Молодость и цветение жизни юной листвы наполняется смыслом мудрого, поросшего
мхом и временем церковного камня. А девицы – березки, говорливые и непоседливые
под резкими вздохами ветра, скрывают свою певучую красоту под блаженную и
рвущуюся в небо сень креста. Но нет, храм строится, пылает в лучах заката,
будит звоном благовеста давно умерших людей. И покинутый здешними обитателями
он приходит в запустение в моем воображении. Лишь величественная в своей
глубине колокольня будит тревожным набатом воспаленный ум хмельного странника.
Вера, безверие и недоверие. По ком звенит колокол, о человече?
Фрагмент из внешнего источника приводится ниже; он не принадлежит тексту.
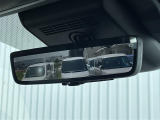 【デジタルルームミラー】車両後方カメラの映像をルームミラーに映すことが出来ます。 そのため、後席に人や荷物があって後方が見えづらい場合でもしっかり視界を確保することが出来ます。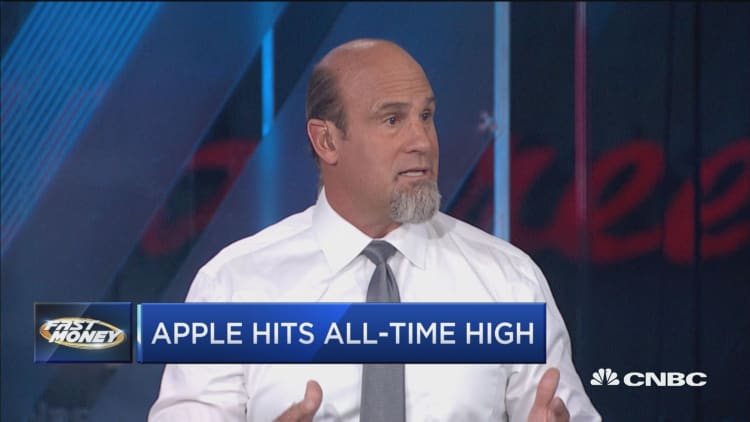 Apple hits a new all-time high as Morgan Stanley ups its price target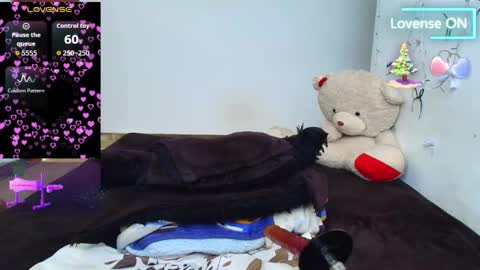 Snapshot of antonella0769 chatting on 02/20/26, 02:39 ANTONELLA WILLIAM INDEPENDIENTE online show from 02/20/26, 02:39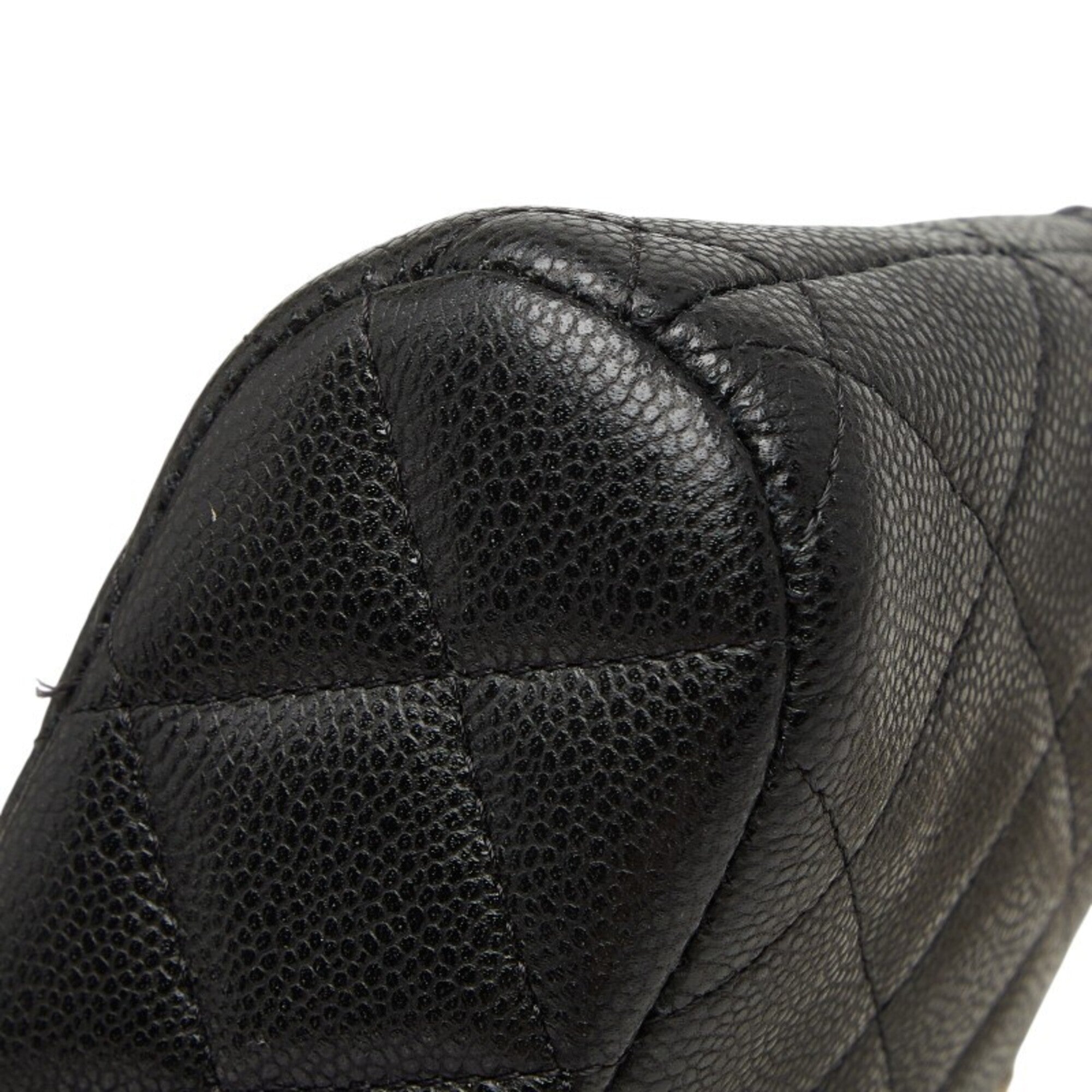 Chanel Black Grained Calfskin Pochette Shoulder Bag (Pre-Owned)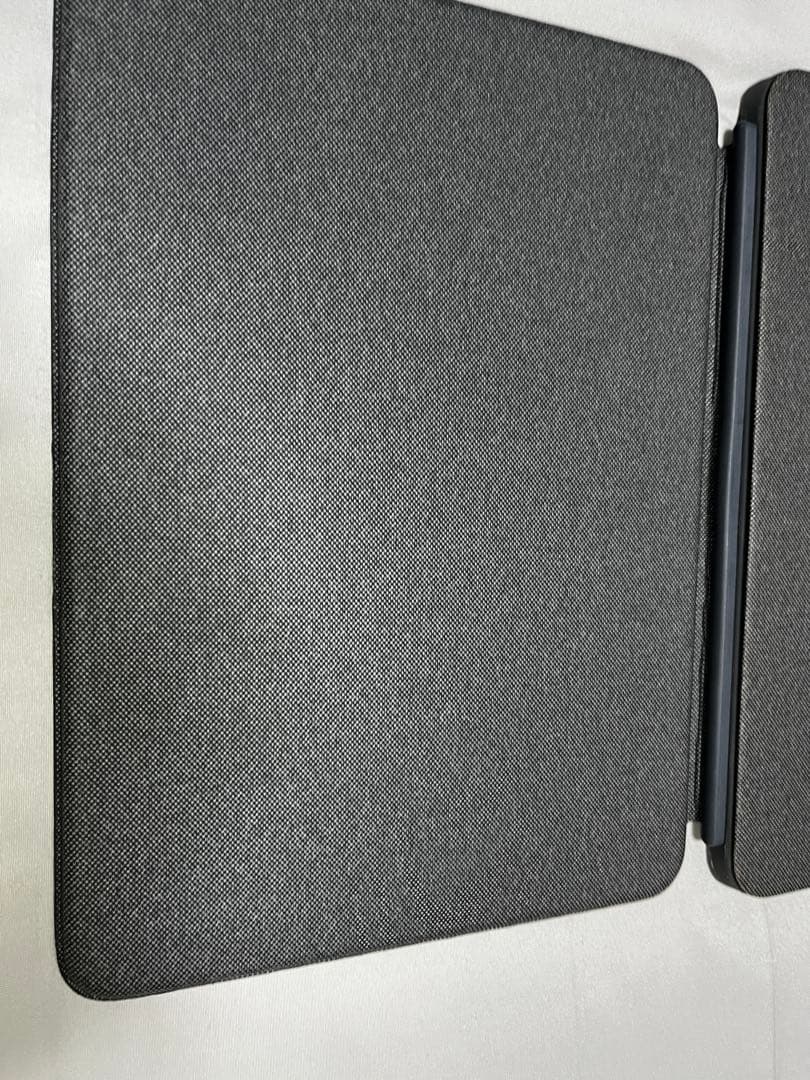 Logicool キーボードCombo Touch iPad Pro 11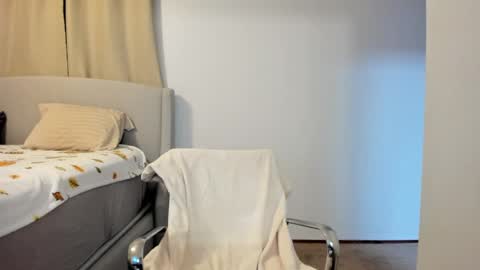 Snapshot of gymjock22 chatting on December 22, 9:31 pm GymJock22 online show from December 22, 9:31 pm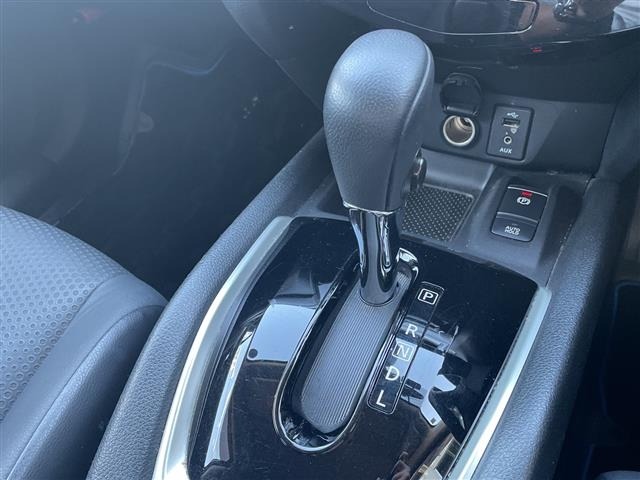 Nissan X-TRAIL 2018 7236336-2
Петропавловскому уже некуда суетиться и спешить, -
некуда и незачем, - это усталое предчувствие собственного дряхления и скорой
вечности. Потом село превратиться в мумию, реликт на фоне безумного Эльдорадо,
которое захватывает и наследует застывшее величие Вятских увалов. Но это уже
другое величие и другая страсть.
ГОРОД
Из белеющих, залитых солнцем ставен я смотрю на
непрерывно строящийся, обновляющийся рай. Городок – это детище материнской
живописи природы и активной фантазии человеческого разума. Так рай воплотился
на земле, с архитектурной последовательностью возводя хрупкие бело-красно
каменные домики. Нет, скорее это реальные декорации красивой полузабытой
немецкой сказки. Черепичная кровля в размахе в небеса обрывается медным
ключом от рая. Исполняющий обязанности флюгера, он чутко улавливает настроение
небесной канцелярии. Красномедный ключ ближе всех к солнцу, дождю, грозе и
грому. Он словно в глубоком поклоне могучим стихиям мановением ветра открывает
врата от рая. Но ненадолго. Поэтому ливень тороплив и скоротечен, и солнце
вновь ласкает своими лучами медно-пышущий флюгер. В это время рай мертв, ибо здешние обитатели живут
дневными сновидениями и ночными фантазиями. Но как только полнеющая луна
разорвет серебряными волосами сгущающийся бархат сумерек, жизнь полноправно
вступает в свои права. Жемчужина оглашается громкой ритмичной музыкой,
приглашая на танец живота. Рай вспыхивает мириадами огней. Люди подобно
мотылькам летят на манящий свет и блеск бушующего торжества. Но мне тягостно в
обители бурления и взрывов излишеств. Я бесследно исчезаю в бледных сумерках
рассвета.
КАМНИ
Полусонный пескарик тупо бьется о подводный камень.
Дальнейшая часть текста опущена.